The tone of Invisible Man is cynical and critical. Throughout the course of the story, the unnamed narrator attaches himself to various institutions and groups which he believes will help him to make sense of the chaotic and irrational world around him. Invariably, he is let down as these institutions fail to live up to their promises, contributing to his pessimistic worldview. In the final chapter of the novel, he finds himself in a riot in Harlem, trapped between the police and the violent Ras the Destroyer, who calls for him to be hanged due to his affiliation with the Brotherhood, with which the narrator has also grown disillusioned.

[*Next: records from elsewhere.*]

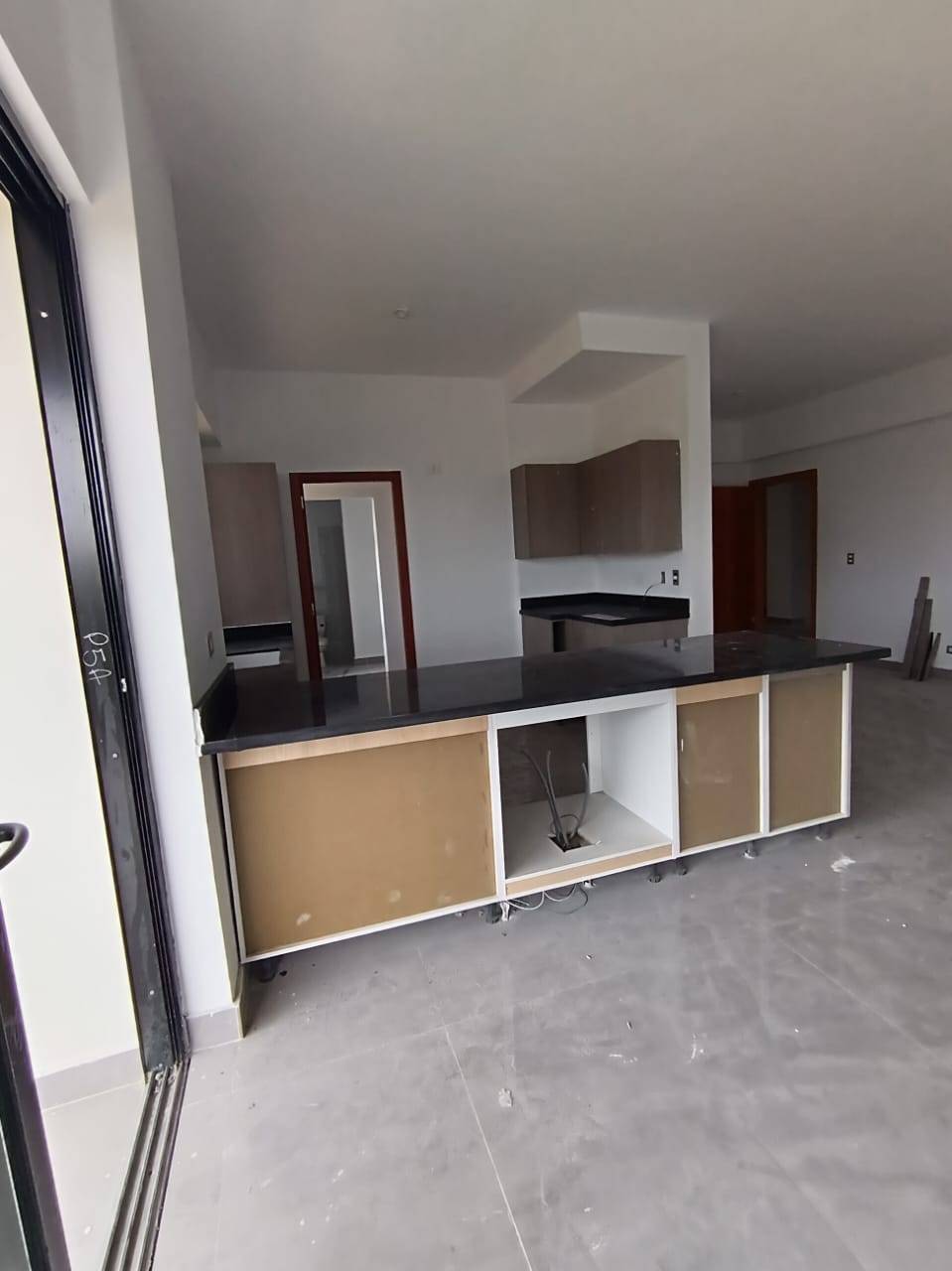 APARTAMENO LISTO EN ARROYO HONDO EXCELENTE UBICACION PROXIMO A G Foto 7292860-3.jpg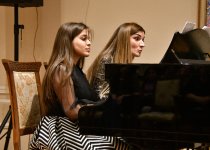 Национальная одежда, вечерние платья и смокинги - одним вечером в Баку (ФОТО)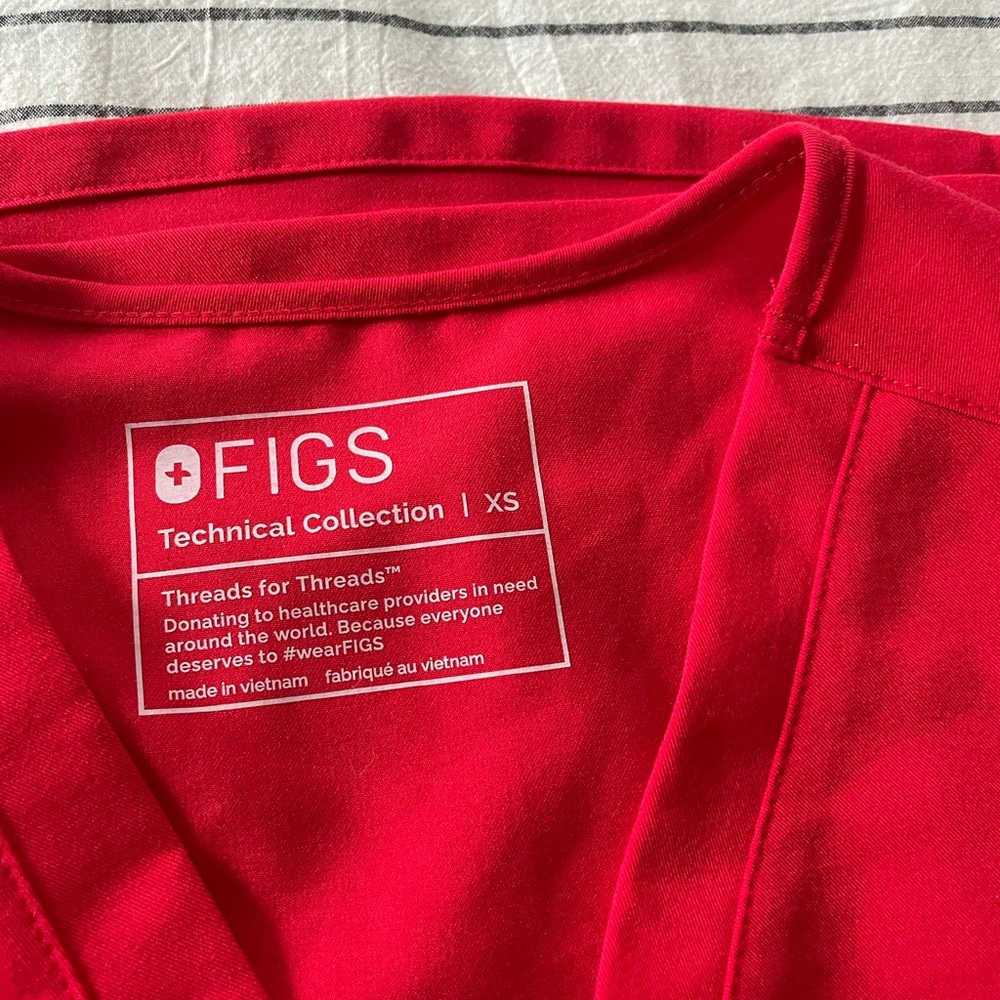 FIGS red scrub top XS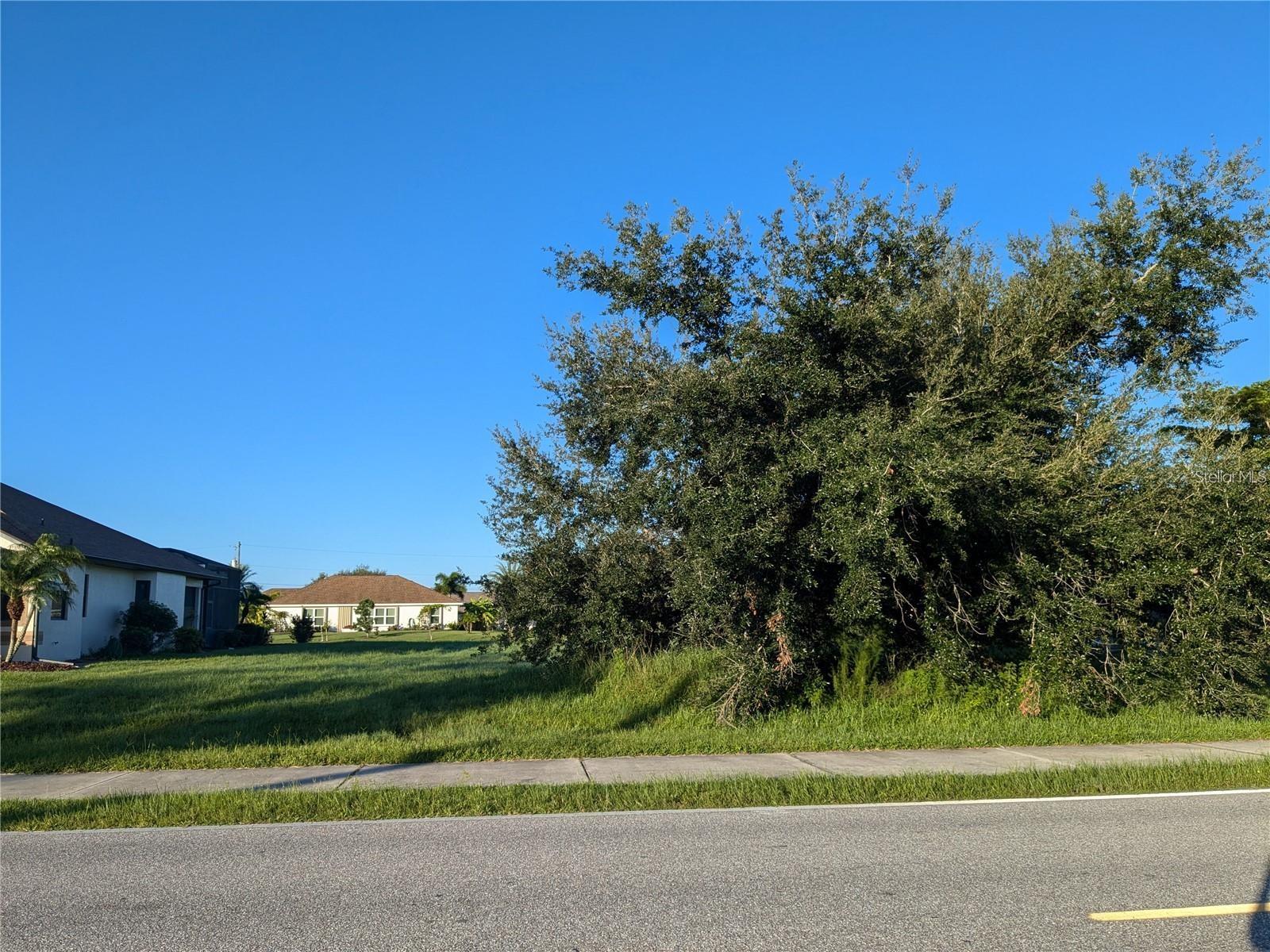 1327 RIO DE JANEIRO AVE, PUNTA GORDA, FL, 33983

At this climactic moment, the narrator reflects wearily upon the events of his life and the limitations of the various parties competing for power:
[They] wanted my death not for myself alone but for the chase I’d been on all my life; because of the way I’d run, been run, chased, operated, purged—although to a great extent I could have done nothing else, given their blindness (didn’t they tolerate both Rinehart and Bledsoe?) and my invisibility. And that I, a little black man with an assumed name should die because a big black man in his hatred and confusion over the nature of a reality that seemed controlled solely by white men whom I knew to be as blind as he, was just too much.
Here, he characterizes his life as a “chase,” noting that he has been “run, chased, operated, purged” by various different institutions and groups. His outlook is, at this point in the novel, highly critical, matching Ellison’s own criticism of various factions in American politics. The rioting crowds, he claims, are subject to “blindness,” Ras the Destroyer is stuck in a state of “hatred and confusion,” and further, Ras is being manipulated by “white men” such as Brother Jack who are “as blind as he.” Ultimately, he feels that nobody is able to see things as they truly are.